I now had a solid state "Frankenbulb".  These just screw back into the holders with no further modifications.  Cost was around $4.  

Last thing to do is replace R1 and R2 on the power supply board to get the proper milliamps through the LEDs.  I found that they will light up at 2 mills, and are very bright at the recommended 20 mills.  Way to bright for my taste.  I calculated the needed resistors for 4 mills and used 2 1500 ohm
1/2 watt resistors.  You can adjust these to what ever brilliance you want.
The White LEDS are rated for 20 mills.  Don't forget they are in Parallel.
Also, if you don't like the bright white color, a bit of iodine on the LED gives a sort of orange glow to the light.  So far mine have been on for 6 days and no problems.
I will do a proper write up and take a couple of pictures.  Have to email
Nolan and see if he will put it with his "Frankenbulb" procedure.   
A few things to keep in mind:

1 Identify the pos and neg leads on the led and mark them.

2 Go slow and be sure and look at Nolan's website for instructions on how to take the Grimes lamps apart.

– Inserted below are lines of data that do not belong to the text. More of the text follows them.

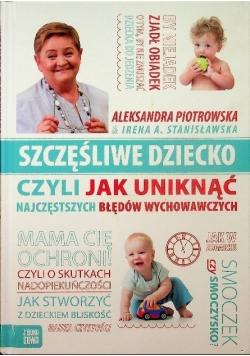 Szczęśliwe dziecko czyli jak uniknąć najczęstszych błędów wychowawczych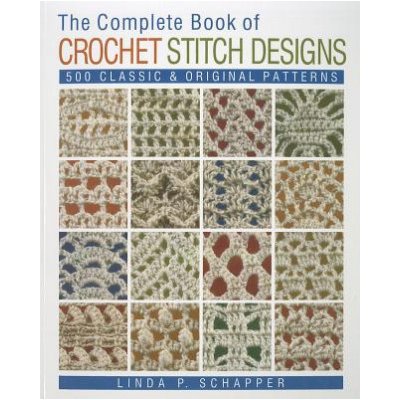 The Complete Book of Crochet Stitch D - L. Schapper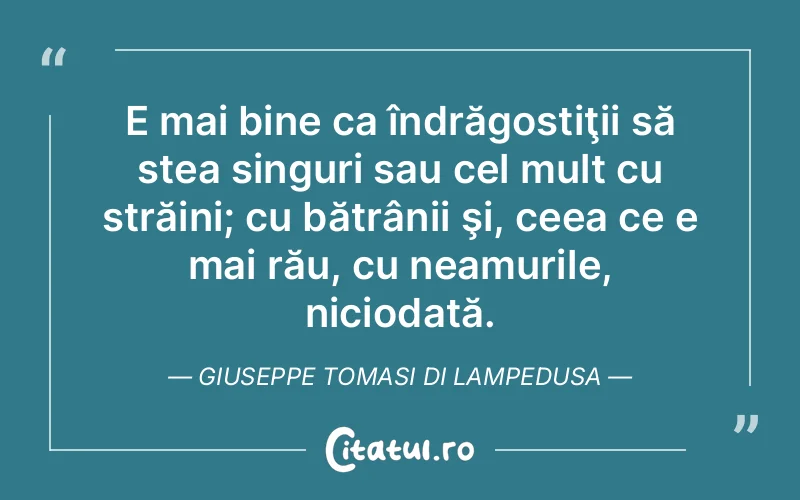 Citat Autor necunoscut - citate viata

3 Test as you go.  I checked the assy. after each step to make sure I hadn't gotten a lead reversed, etc.

4 Check your R-1051 power rails to these bulbs.  Mine were brass sleeve pos and lamp base neg, but yours may be different.

5 Both of my Grimes lamps were made of Tin plated Brass (both the base and sleeve), made soldering easy.  I am not sure if all of them are that way.
Perhaps Nolan could shed some light on this as he has done more of these than I have.